Football is a game of so many moving parts that it takes a lot for one person coming out of college, especially in the current era, to generate an explosion of hype. Yet that’s what happened with Tagovailoa before the start of the season just past, his junior year in Tuscaloosa.

In Miami, Dolphins fans embraced what initially looked like their team’s season of tanking due to the expectation that a No. 1 spot in the draft order would lead to the selection of Tagovailoa. “Tanking for Tua” T-shirts did a brisk trade for a bit, before the Dolphins went on a surprise run of late-season wins and before the ailments of the 2018 Heisman Trophy runner-up changed everything.

Tagovailoa had been hurt last season, suffering damage to both ankles late in the campaign that hindered him in the national championship blowout loss to Clemson. His problems this season were infinitely worse.

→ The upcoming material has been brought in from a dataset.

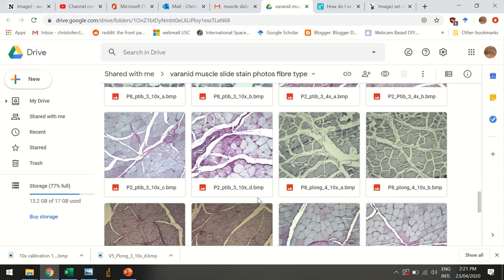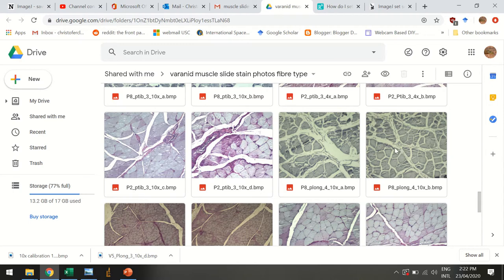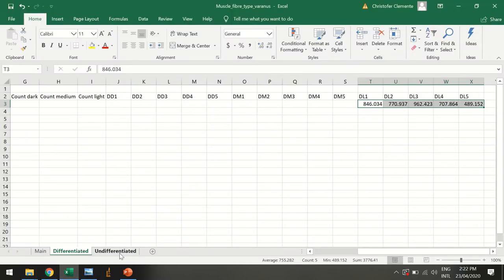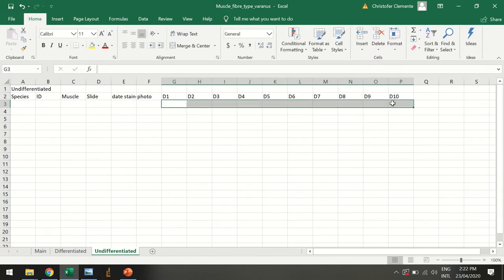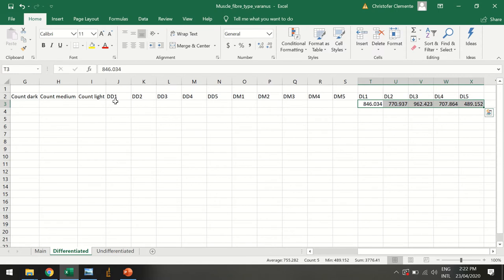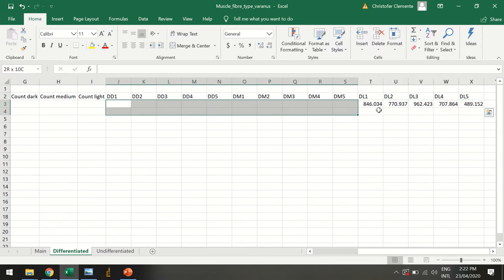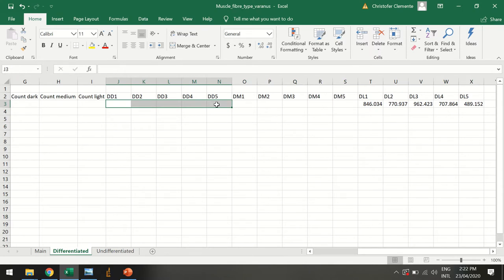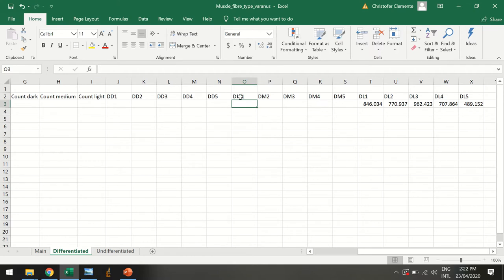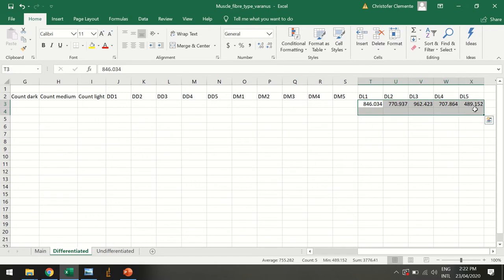Even if they aren't differentiated, like this P8 P long, it's not differentiated but it still would be really interesting to get diameters from them. If they're undifferentiated, we're going to get ten diameters. If they are differentiated, we're going to actually get fifteen diameters, only five though from each different fiber type. So we have the dark which is d1, d2, etc., then we have the medium which is the diameter of the medium dm, and then the diameter of the light which is dl.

When Tagovailoa spoke to reporters on Monday, he gave an update on the complicated hip injury he sustained in a convincing victory over Mississippi State, on what would have been his final drive before being taken out of an essentially meaningless game.

“I don't think any of the doctors can tell the foreseeable future,” Tagovailoa said. “I don't think the guys rehabbing me can tell me that. From what they've seen in New York, everything looks good. But you can't really tell until the three-month mark or the four-month mark.”

By the time the NFL Combine rolls around, he will not be close to 100 percent. His exact prognosis won’t be fully known when the draft selections are made. Tagovailoa said he hopes to play in the NFL in the upcoming season, but there is no certainty of that, either. Whoever drafts him had better be prepared for an extensive rehab process.

https://twitter.com/SECNetwork/status/1214233453446782977

However, there will still surely be plenty of QB-hungry NFL front offices entranced by the possibility of securing their signal caller of the future — not just a superb athlete and speedy thinker, but someone with proven ability to produce when it matters most.

Yet the salaries commanded by the position make the possibility of injury a chilling prospect. That means no one quite knows where — and when in the draft order — he could wind up.

“He has certainly had a tremendous amount of adversity that he has had to overcome, especially recently,” Saban told ESPN. “This young man has probably made as big an impact on this program as anybody who has played here.”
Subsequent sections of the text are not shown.